Bush demande à Israël de mettre fin à « l’occupation qui a débuté en 1967 »
Georges W. Bush a pourtant insisté au cours de sa conférence de presse avec Mahmoud Abbas sur l’engagement des Etats-Unis à parvenir à l’établissement d’un Etat palestinien avant la fin de son mandat, en janvier 2009, assurant qu’il ne s’agira pas d’un « Etat gruyère », sans continuité territoriale.
Evoquant les nombreux check-points qui entravent les déplacements des Palestiniens à l’intérieur de la Cisjordanie, le président américain a reconnu la « grande frustration pour les Palestiniens » tout en disant comprendre que « les check-points créent un sentiment de sécurité pour Israël ». Un peu plus tard dans la journée, à Jérusalem, le président américain a demandé à l’Etat hébreu de mettre fin à « l’occupation qui a débuté en 1967 », un terme connoté, rarement utilisé en Israël où l’on préfère parler de territoires « disputés » plutôt que de territoires « occupés ».
Georges Bush n’a en revanche presque pas évoqué la bande de Gaza, se contentant de dire que le Hamas, qui contrôle désormais ce territoire, n’avait apporté que des « souffrances » au peuple palestinien. Le sort de la bande de Gaza et des 1,5 million de Palestiniens qui y vivent, sous l’administration du mouvement islamiste, est pourtant la plus grosse hypothèque qui pèse sur un éventuel accord de paix.
Le président américain s’est ensuite rendu à Bethléem pour visiter la basilique de la Nativité, comme l’avait fait avant lui un autre président américain, Bill Clinton, en décembre 1998. A l’époque, Bill Clinton avait été chaleureusement accueilli à Gaza par Yasser Arafat. George W. Bush, de son côté, a refusé de se rendre sur le mausolée de l’ancien président palestinien, qu’il n’a jamais voulu recevoir à la Maison Blanche, l’accusant de tremper dans le « terrorisme ».

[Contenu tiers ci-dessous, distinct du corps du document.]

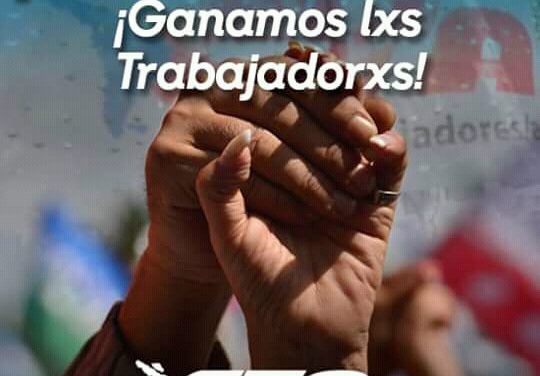 ELECCIONES EN CTA: Ganó la Lista 10 encabezada por Hugo Yasky y Sergio Calderón en San Juan.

Le poids de Washington sera-t-il suffisant pour faire avancer les négociations israélo-palestiniennes ? Dans son petit restaurant de Ramallah, Boulos Mughnamy veut y croire. « Le fait qu’un président américain vienne ici est un grand pas. C’est le signe que les Etats-Unis ont accepté l’idée que les Palestiniens doivent avoir un Etat. Je crois que cette visite va ouvrir des portes » confie-t-il, avant d’ajouter : « Même si je suis l’un des rares à penser cela ».